Honour killings are a murderous epidemic in Pakistan, where several hundred women are slain every year for supposedly besmirching their family’s name.

Now, a 43-year-old man has become the embodiment of a rare gender reversal, after three of his in-laws allegedly swarmed him at a public market in the northeast city of Burewala and proceeded to slit his throat.

Muhammad Irshad reportedly died in the attack last Friday, and police said they’ve launched a manhunt for his wife’s father and two of her brothers, who are said to have targeted Irshad because they objected to his marriage.

Irshad fled Burewala last year soon after marrying his wife, Mussarat Bibi, precisely because he feared bloody retribution from his in-laws, local police chief Ghazi Salahuddin told Agence France-Presse.
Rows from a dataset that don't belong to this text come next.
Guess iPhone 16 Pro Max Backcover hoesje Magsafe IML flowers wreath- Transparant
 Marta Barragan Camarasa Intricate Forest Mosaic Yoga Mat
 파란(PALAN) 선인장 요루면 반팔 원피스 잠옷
The chief said Irshad had briefly returned to the city to visit his parents.

“The assailants were armed with knives and hatchets, and after inflicting several wounds on Irshad’s body, they slit his throat,” Salahuddin said.

Such extrajudicial attacks are unsettlingly common in Pakistan, and they almost always target women. The country’s independent human rights commission has said 1,096 women died in honour killings in 2015, compared to 88 men.
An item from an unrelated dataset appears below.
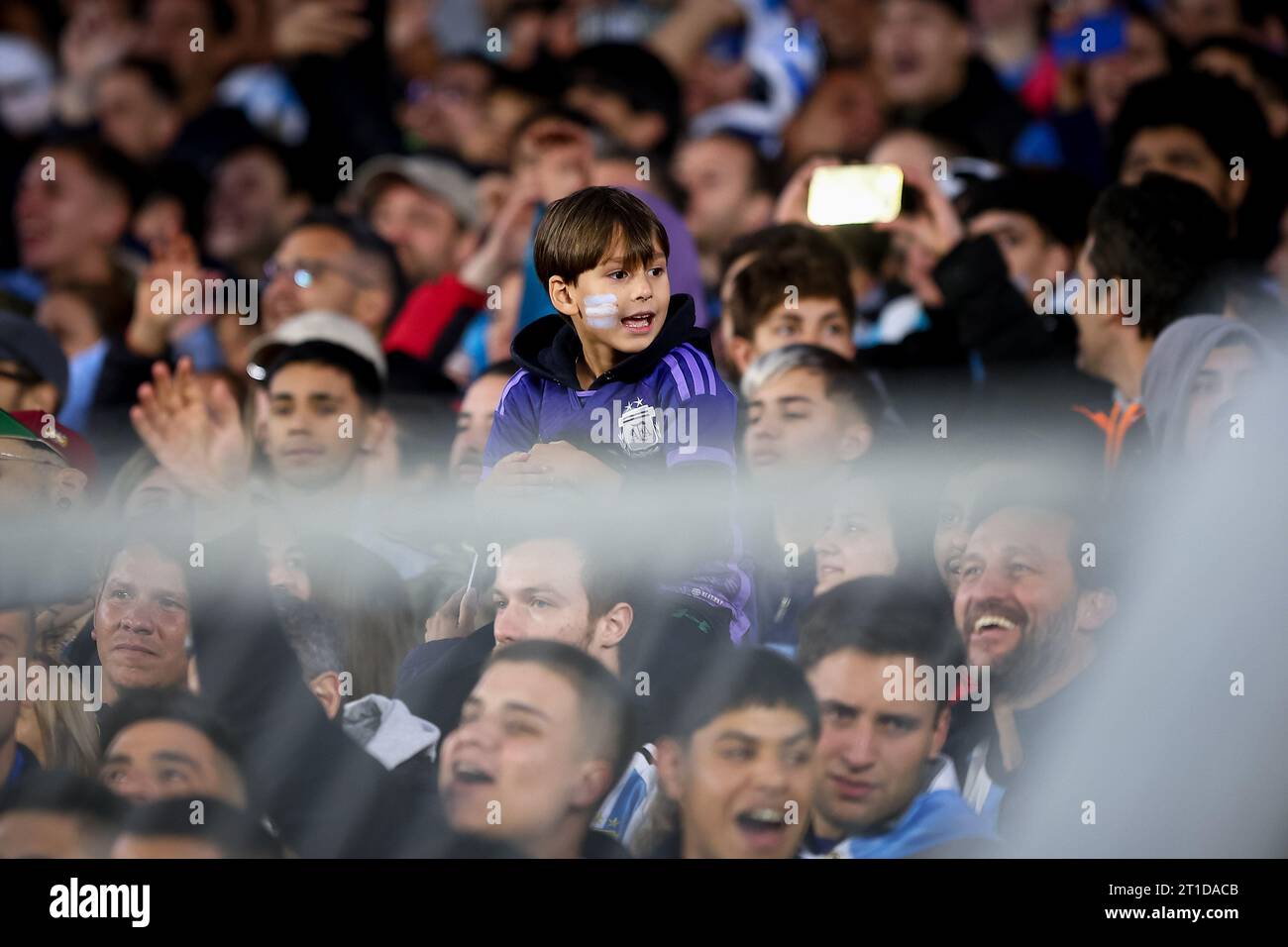 Argentina fans seen during the match between Argentina and Paraguay as part of FIFA World Cup 2026 Qualifier at Estadio Monumental Antonio Vespucio Liberti. Final score; Argentina 1 - 0 Paraguay (Photo by Roberto Tuero / SOPA Images/Sipa USA) Stock Photo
That total represents an increase from 2014, when 1,005 women were killed, and 2013, when the commission reported 869 such deaths.

“The predominant causes of these killings in 2015 were domestic disputes, alleged illicit relations and exercising the right of choice in marriage,” reads one section of the commission’s most recent annual report, adding that most of the victims were shot, while some were attacked with acid.

Irshad’s grisly death followed a slew of other reported honour killings across the country this month.

A 16-year-old girl burnt to death in Lahore two weeks ago when her mother allegedly tied her to a bed, soaked her with fuel and lit her on fire, purportedly because the girl had recently married without her family’s consent.

Days later, a Lahore man allegedly shot his 18-year-old daughter and her 35-year-old husband to death for wedding against his family’s wishes.

And last Thursday, a pregnant 22-year old woman was reportedly killed in nearby Buttaranwali by her estranged father, mother and brother, who approached her suddenly in public and tricked her into returning home with them, where they slit her throat with a knife.

Honour killings were the subject of an internationally acclaimed documentary film released this year. A Girl in the River: The Price of Forgiveness won an Oscar in February for recounting the story of 18-year old Saba, a Pakistani woman who survived after her father and brother shot her in the head, bagged her limp body and threw her in a river.

“Anyone who does this must be punished and punished very severely,” Pakistani Prime Minister Nawaz Sharif told The Guardian on Feb. 21, the day of a screening of the film in Islamabad, the country’s capital.

“Changing the law is something that needs to be done at the earliest possibility.”